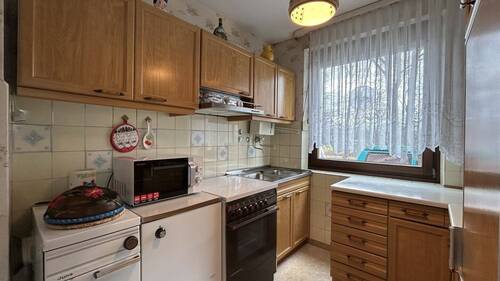 Küche EG - Doppelhaushälfte mit 168,00 m&sup2; in Erlangen zum Kaufen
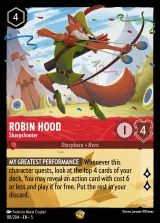 Robin Hood - Sharpshooter (005-118)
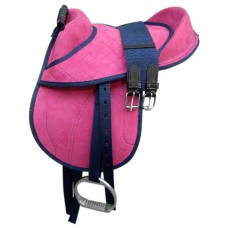 Shetty Saddle Set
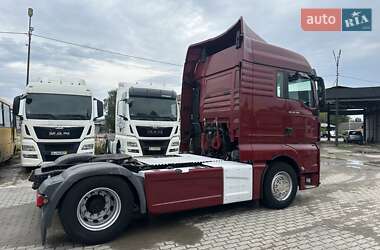 Тягач MAN TGX 2016 в 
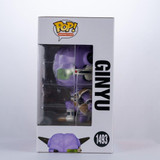 Funko Pop Animation Dragon Ball Z Captain Ginyu Namek Saga DBZ Figure #1493 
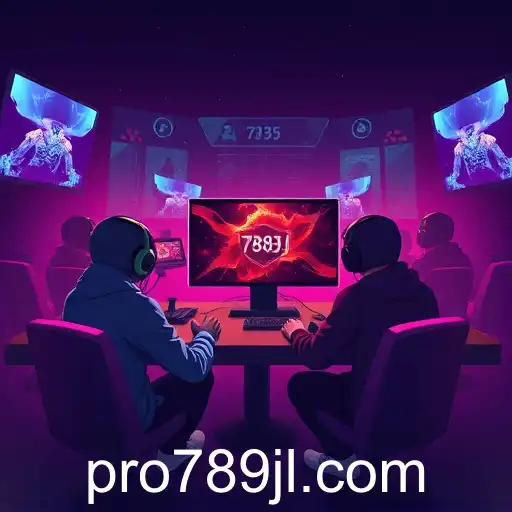 Gaming in the Spotlight: 789jl's Emerging Influence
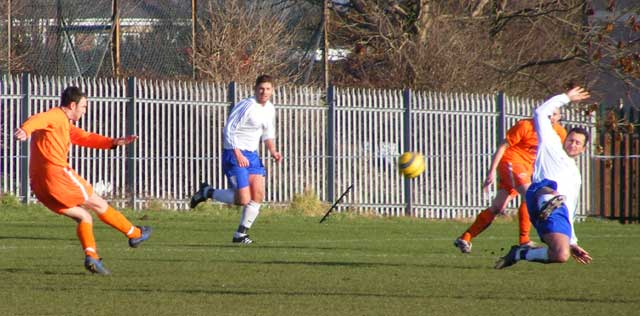 Snaps from The Edge - Sunday 18th Jan 09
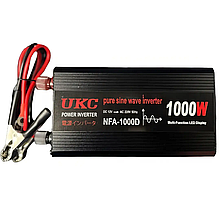 Перетворювач синусоїда AC/DC sine 1000W 12 V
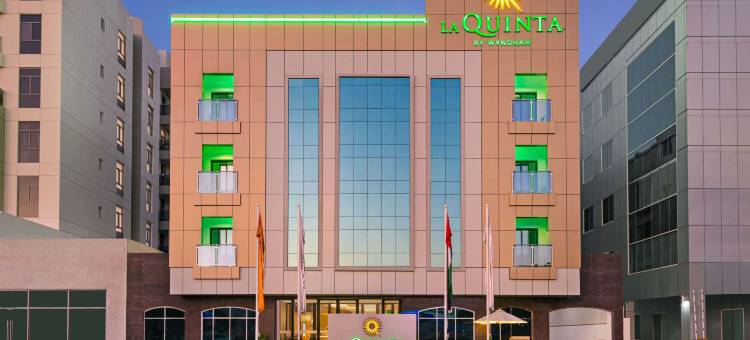 布尔迪拜拉昆塔温德姆酒店(La Quinta by Wyndham Dubai Jumeirah)图片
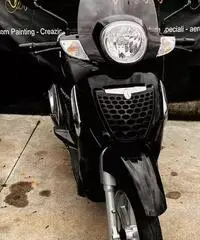 Aprilia Scarabeo 125 4t 4 valvole Aprilia Scarabeo 125 4t 4 valvole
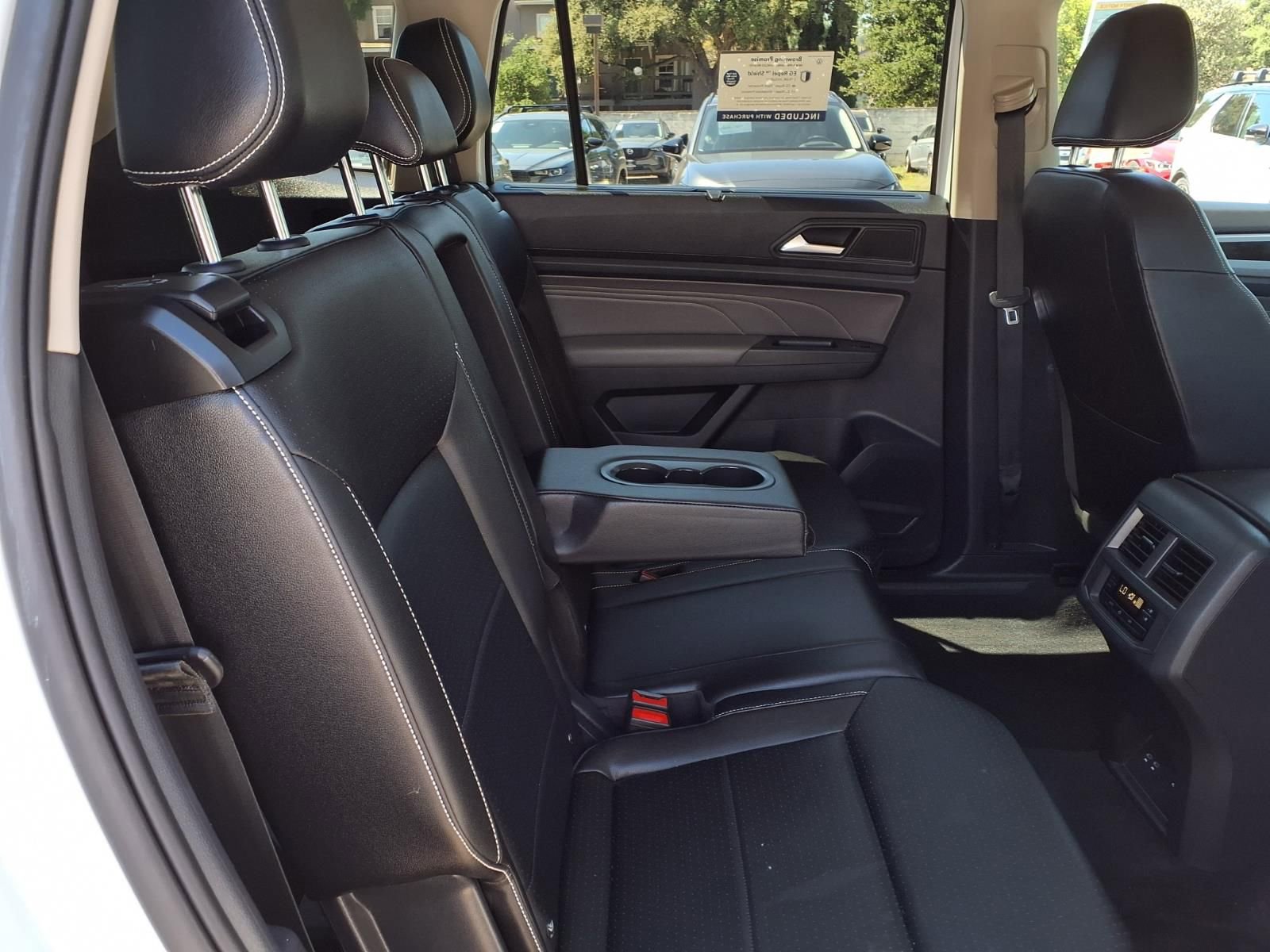 Used 2023 Volkswagen Atlas SE w/ Panoramic Sunroof Package image 23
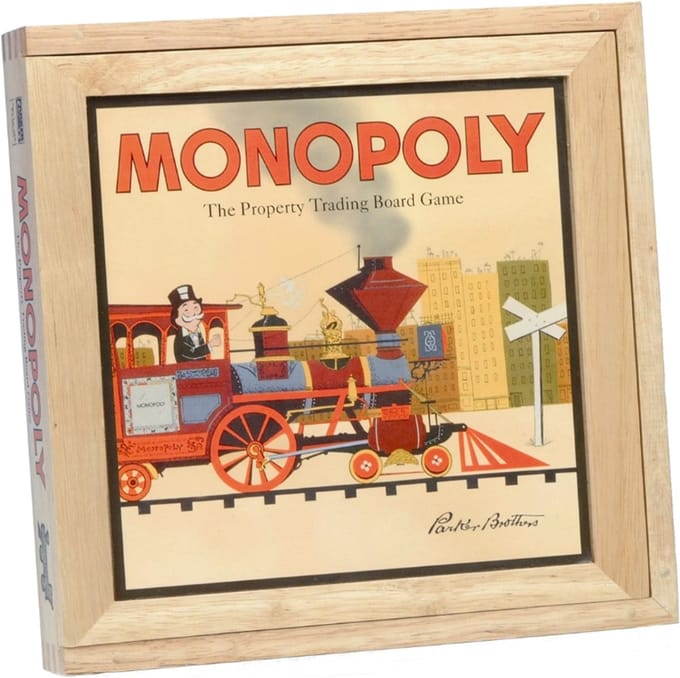 Monopoly Limited Edition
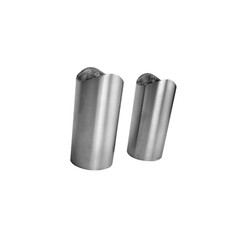 Straight Mount Post For Round Shape H Type Door Pull Handle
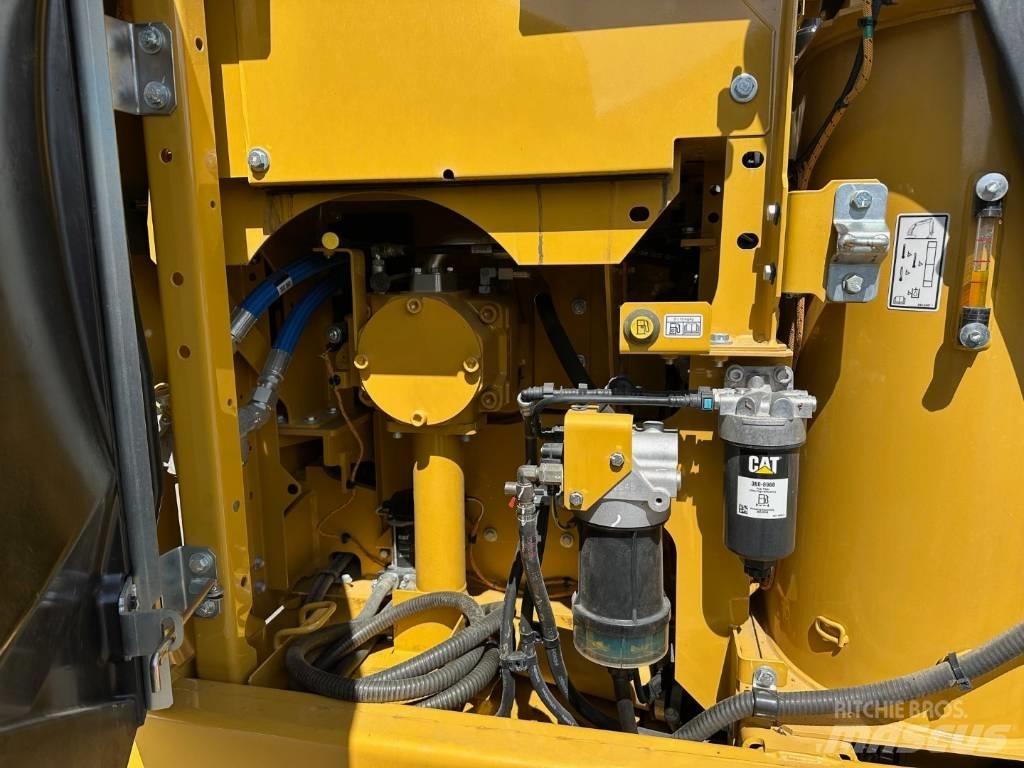 CAT 317 Raupenbagger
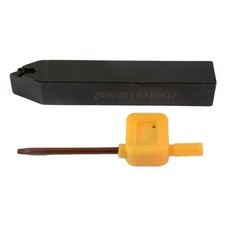 Turning SDNCN1616H07 With Minus 3 (93) Degree 16mm*100mm DCMT 07 Minus 55 Degree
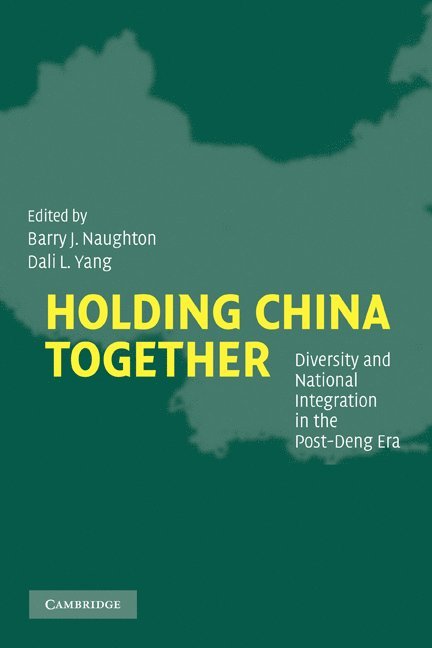 Holding China Together 1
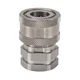 Snap-Tite Svhc8-8Fv Hydraulic Quick Connect Hose Coupling, 316 Stainless Steel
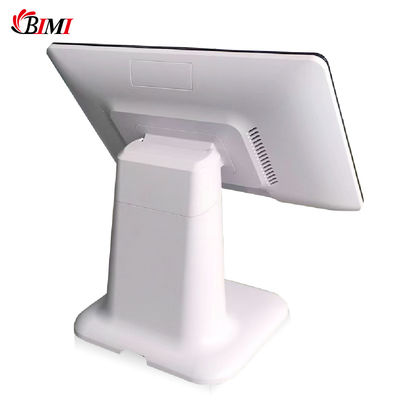 15.6 inch Touch Screen Android/Windows Restaurant POS Machine met BT Ja Functie SDK
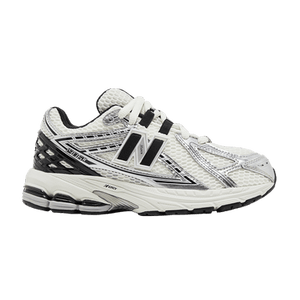New Balance 1906R Big Kid 'Silver Metallic Black'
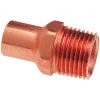 NIBCO 1/2 In. FTGxM Copper Pipe Adapter -NIBCO Sales Shop ItemImage 442202 q5w3kr ep4b74 e4yx1n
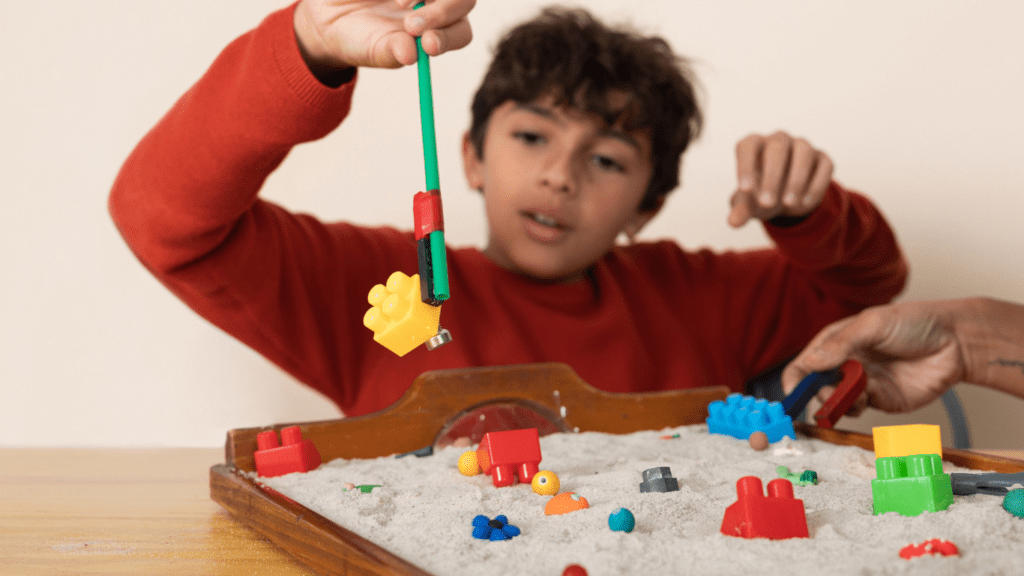 Lego in Different Educational Settings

| ASSIGNMENT |
Nothing but the lines from the start of the listing through the line with "Aprilia Scarabeo 125 4t 4 valvole Aprilia" belongs in the answer, each one retyped exactly and without pictures.

| OUTPUT |
 Küche EG - Doppelhaushälfte mit 168,00 m&sup2; in Erlangen zum Kaufen
 Robin Hood - Sharpshooter (005-118)
 Shetty Saddle Set
 Тягач MAN TGX 2016 в 
 Funko Pop Animation Dragon Ball Z Captain Ginyu Namek Saga DBZ Figure #1493 
 Gaming in the Spotlight: 789jl's Emerging Influence
 Snaps from The Edge - Sunday 18th Jan 09
 Перетворювач синусоїда AC/DC sine 1000W 12 V
 布尔迪拜拉昆塔温德姆酒店(La Quinta by Wyndham Dubai Jumeirah)图片
 Aprilia Scarabeo 125 4t 4 valvole Aprilia Scarabeo 125 4t 4 valvole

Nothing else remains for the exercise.